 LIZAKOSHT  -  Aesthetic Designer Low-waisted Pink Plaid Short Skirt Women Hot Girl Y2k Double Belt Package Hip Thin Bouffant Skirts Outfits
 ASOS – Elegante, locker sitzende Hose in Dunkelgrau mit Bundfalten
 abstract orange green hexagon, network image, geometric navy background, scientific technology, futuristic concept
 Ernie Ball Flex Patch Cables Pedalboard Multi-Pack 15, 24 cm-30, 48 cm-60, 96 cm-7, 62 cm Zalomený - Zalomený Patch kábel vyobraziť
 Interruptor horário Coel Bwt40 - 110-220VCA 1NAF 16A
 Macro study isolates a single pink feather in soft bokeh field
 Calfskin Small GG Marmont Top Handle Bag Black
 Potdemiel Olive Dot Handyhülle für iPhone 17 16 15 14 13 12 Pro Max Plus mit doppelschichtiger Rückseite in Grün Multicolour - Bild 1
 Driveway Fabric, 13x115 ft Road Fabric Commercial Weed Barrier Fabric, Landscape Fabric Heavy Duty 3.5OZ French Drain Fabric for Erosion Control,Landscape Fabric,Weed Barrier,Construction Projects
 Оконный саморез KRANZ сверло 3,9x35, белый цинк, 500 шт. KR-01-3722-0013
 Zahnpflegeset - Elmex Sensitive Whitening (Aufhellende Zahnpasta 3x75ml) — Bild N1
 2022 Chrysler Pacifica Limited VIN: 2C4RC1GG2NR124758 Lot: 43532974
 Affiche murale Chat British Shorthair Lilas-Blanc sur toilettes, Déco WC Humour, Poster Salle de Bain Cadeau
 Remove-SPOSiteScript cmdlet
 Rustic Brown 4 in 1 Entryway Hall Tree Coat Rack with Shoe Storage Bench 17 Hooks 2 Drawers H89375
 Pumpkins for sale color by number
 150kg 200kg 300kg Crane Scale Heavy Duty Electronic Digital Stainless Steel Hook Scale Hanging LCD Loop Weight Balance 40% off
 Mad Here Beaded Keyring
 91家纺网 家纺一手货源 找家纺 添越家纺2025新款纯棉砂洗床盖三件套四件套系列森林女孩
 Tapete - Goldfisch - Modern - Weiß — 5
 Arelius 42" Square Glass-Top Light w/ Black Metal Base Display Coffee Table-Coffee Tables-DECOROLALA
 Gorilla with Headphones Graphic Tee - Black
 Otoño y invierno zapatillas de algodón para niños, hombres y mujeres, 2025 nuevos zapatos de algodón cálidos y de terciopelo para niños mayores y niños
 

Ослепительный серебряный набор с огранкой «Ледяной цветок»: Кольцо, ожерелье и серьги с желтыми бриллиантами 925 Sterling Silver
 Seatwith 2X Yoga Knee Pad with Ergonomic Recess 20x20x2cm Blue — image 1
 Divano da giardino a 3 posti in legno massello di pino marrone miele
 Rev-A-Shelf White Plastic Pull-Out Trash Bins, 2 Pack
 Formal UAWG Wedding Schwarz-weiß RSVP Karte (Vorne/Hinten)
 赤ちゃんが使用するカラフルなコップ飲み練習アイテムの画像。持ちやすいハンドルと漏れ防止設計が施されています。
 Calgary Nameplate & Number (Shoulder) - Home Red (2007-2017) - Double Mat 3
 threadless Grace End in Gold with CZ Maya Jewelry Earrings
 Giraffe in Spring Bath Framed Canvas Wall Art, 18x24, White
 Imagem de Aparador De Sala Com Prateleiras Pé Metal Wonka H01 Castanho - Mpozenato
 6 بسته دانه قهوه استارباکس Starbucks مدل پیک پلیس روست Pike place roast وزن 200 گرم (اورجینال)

=== TASK ===
Above are the lines; repeat exactly the ones from the line containing "Macro study isolates" down to the line containing "Оконный саморез KRANZ", both inclusive.

=== RESPONSE BELOW ===
 Macro study isolates a single pink feather in soft bokeh field
 Calfskin Small GG Marmont Top Handle Bag Black
 Potdemiel Olive Dot Handyhülle für iPhone 17 16 15 14 13 12 Pro Max Plus mit doppelschichtiger Rückseite in Grün Multicolour - Bild 1
 Driveway Fabric, 13x115 ft Road Fabric Commercial Weed Barrier Fabric, Landscape Fabric Heavy Duty 3.5OZ French Drain Fabric for Erosion Control,Landscape Fabric,Weed Barrier,Construction Projects
 Оконный саморез KRANZ сверло 3,9x35, белый цинк, 500 шт. KR-01-3722-0013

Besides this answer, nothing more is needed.